Exercise: Copy the data word for word, keeping every line.

START Source records

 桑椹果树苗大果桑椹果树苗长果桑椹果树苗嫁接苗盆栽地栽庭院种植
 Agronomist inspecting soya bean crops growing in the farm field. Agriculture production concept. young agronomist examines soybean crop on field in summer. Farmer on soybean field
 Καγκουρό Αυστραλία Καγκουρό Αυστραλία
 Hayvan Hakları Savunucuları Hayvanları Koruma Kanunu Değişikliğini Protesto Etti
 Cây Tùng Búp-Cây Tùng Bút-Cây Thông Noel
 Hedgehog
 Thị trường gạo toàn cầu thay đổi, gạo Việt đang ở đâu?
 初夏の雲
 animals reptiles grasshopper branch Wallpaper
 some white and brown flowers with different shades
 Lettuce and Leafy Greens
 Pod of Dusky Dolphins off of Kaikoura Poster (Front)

END Source records

Solution to this exercise:
 桑椹果树苗大果桑椹果树苗长果桑椹果树苗嫁接苗盆栽地栽庭院种植
 Agronomist inspecting soya bean crops growing in the farm field. Agriculture production concept. young agronomist examines soybean crop on field in summer. Farmer on soybean field
 Καγκουρό Αυστραλία Καγκουρό Αυστραλία
 Hayvan Hakları Savunucuları Hayvanları Koruma Kanunu Değişikliğini Protesto Etti
 Cây Tùng Búp-Cây Tùng Bút-Cây Thông Noel
 Hedgehog
 Thị trường gạo toàn cầu thay đổi, gạo Việt đang ở đâu?
 初夏の雲
 animals reptiles grasshopper branch Wallpaper
 some white and brown flowers with different shades
 Lettuce and Leafy Greens
 Pod of Dusky Dolphins off of Kaikoura Poster (Front)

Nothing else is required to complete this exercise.